== Work instruction ==
Without including pictures, set down every record exactly as it stands.

== Source information ==

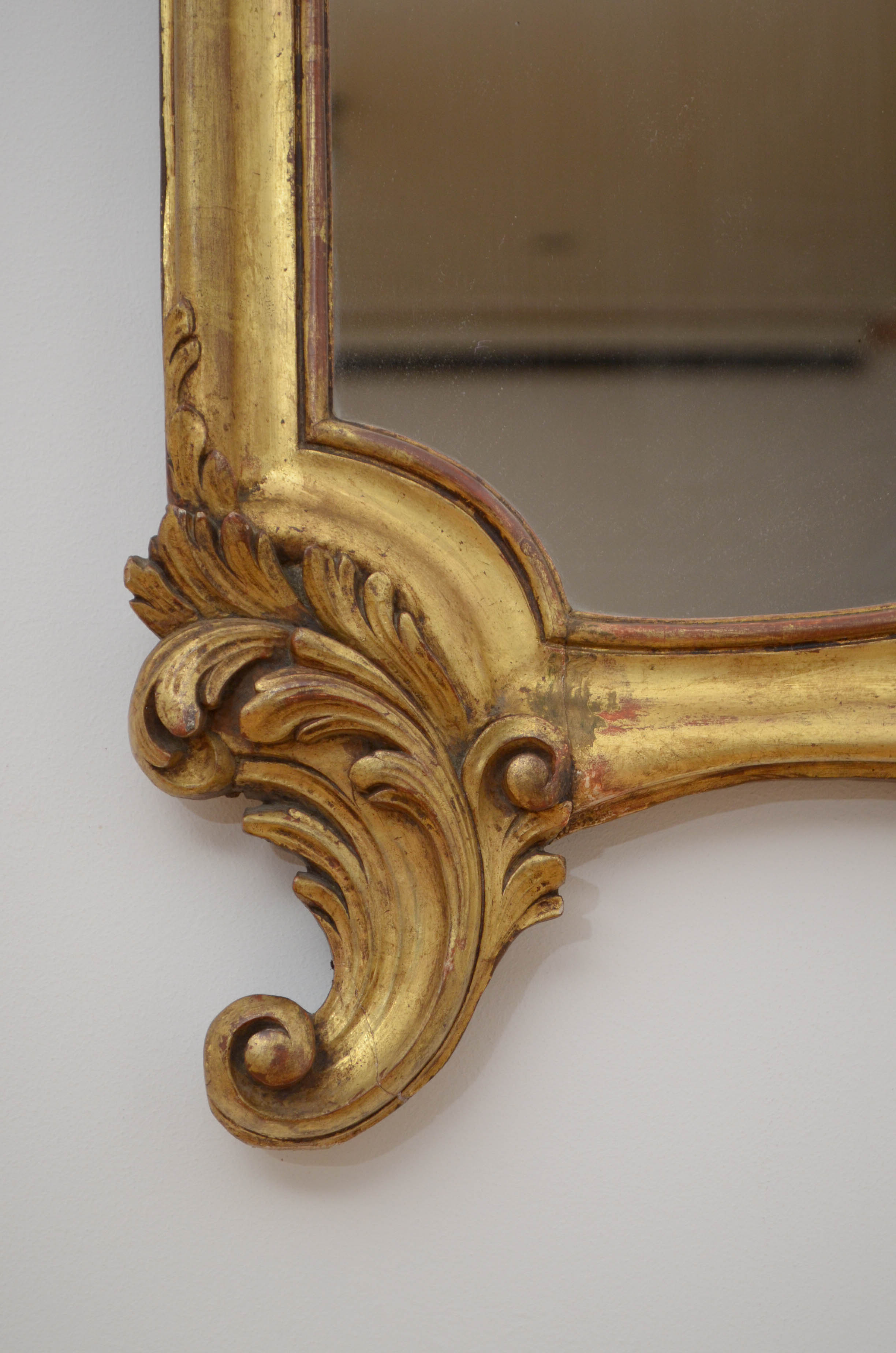 Giltwood wall mirror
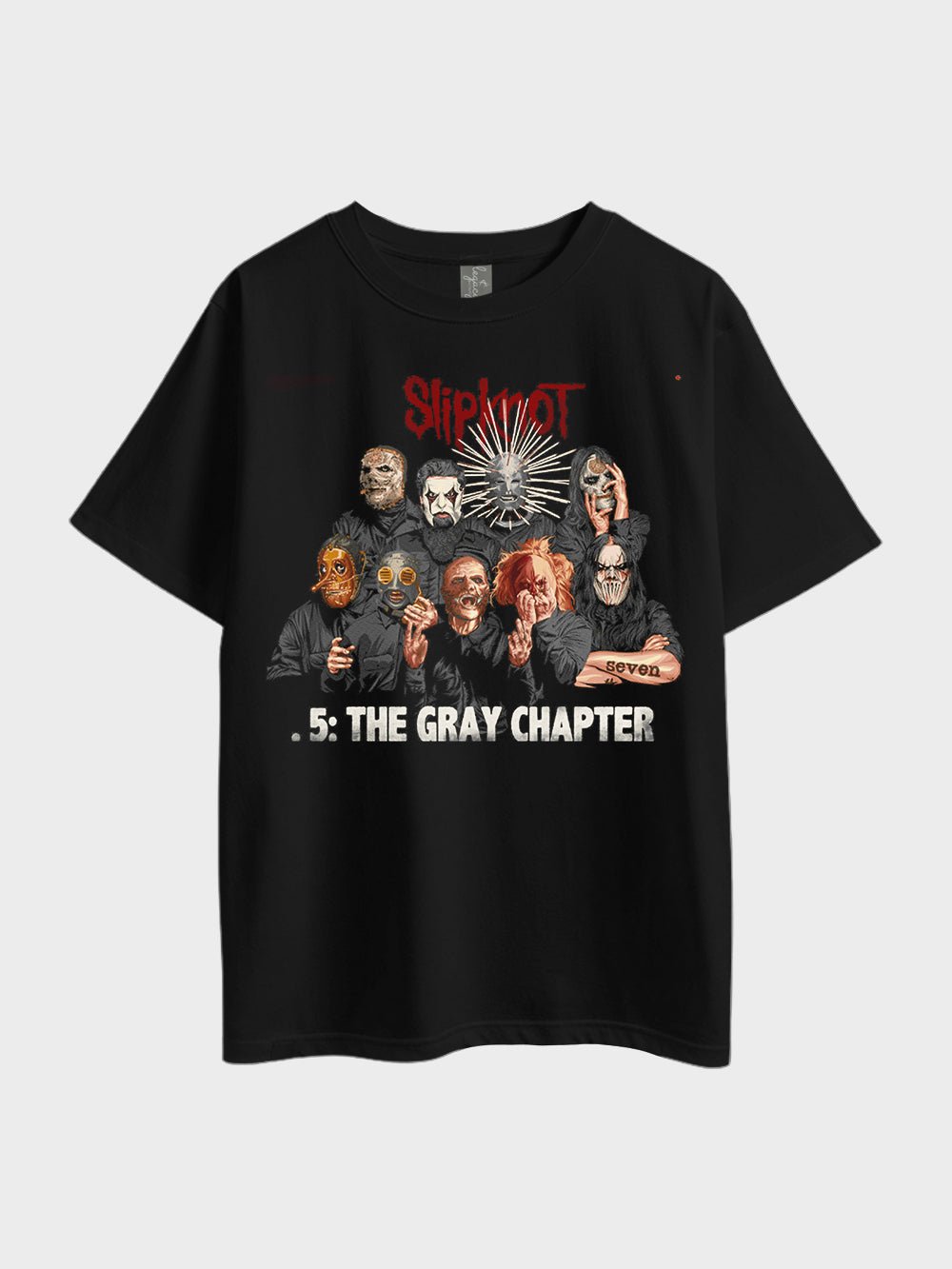 Slipknot The Gray Chapter Printed Rock Metal Oversized Mens T-shirt Legacy Boutiques Dhaka Legacy Boutiques Legacy Boutiques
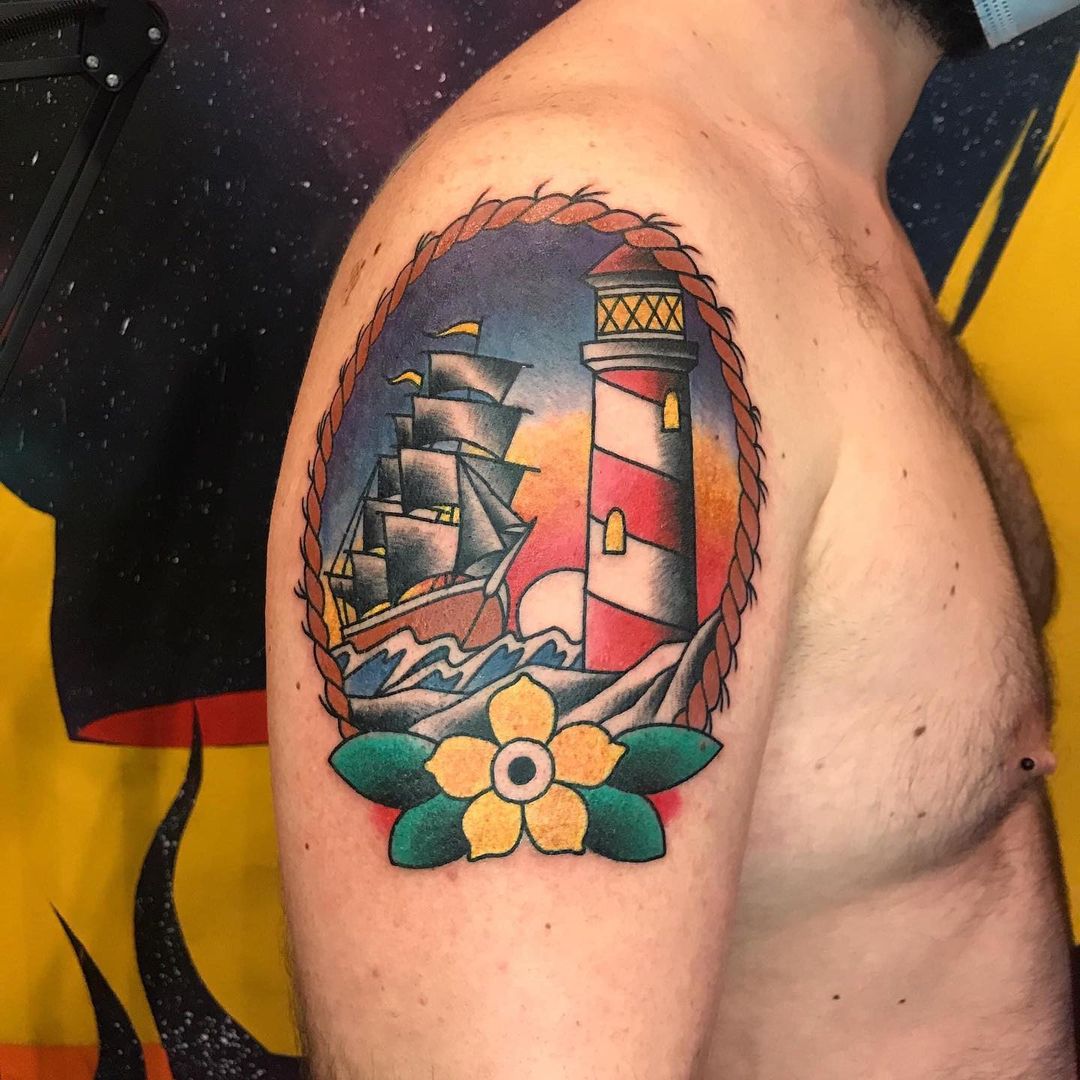 Tatuajes de Faros: 30 diseños increíbles que tienes que ver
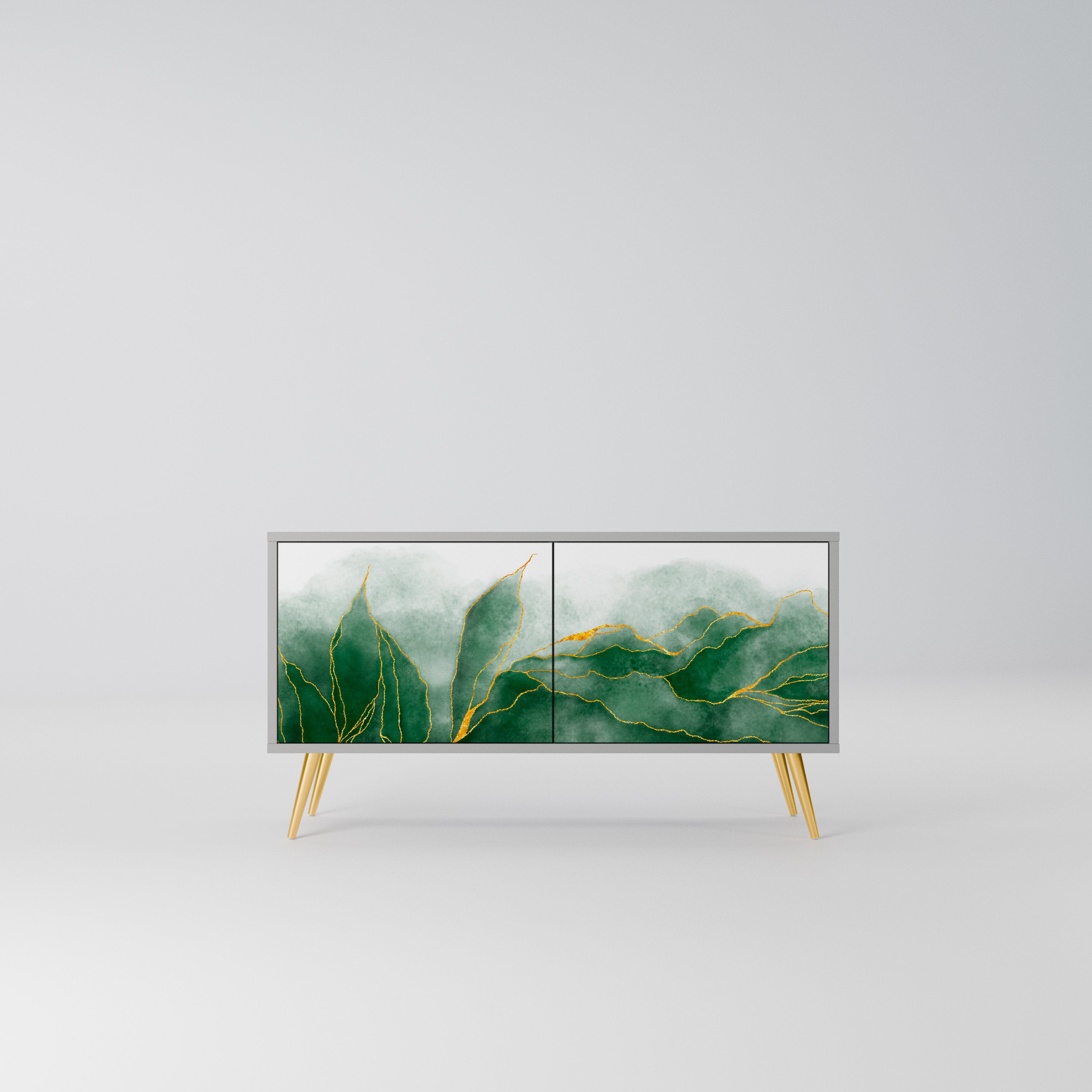 EXPENSIVE NATURE Kompaktowa szafka RTV 2-drzwiowa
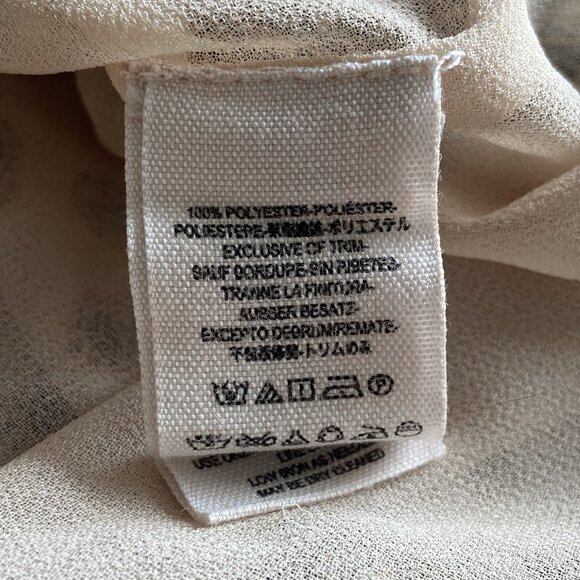 Free People Penny Lane Chiffon Dress in Tea Combo ASO Taylor Swift - Picture 6 of 7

== Expected answer ==
 Giltwood wall mirror
 Slipknot The Gray Chapter Printed Rock Metal Oversized Mens T-shirt Legacy Boutiques Dhaka Legacy Boutiques Legacy Boutiques
 Tatuajes de Faros: 30 diseños increíbles que tienes que ver
 EXPENSIVE NATURE Kompaktowa szafka RTV 2-drzwiowa
 Free People Penny Lane Chiffon Dress in Tea Combo ASO Taylor Swift - Picture 6 of 7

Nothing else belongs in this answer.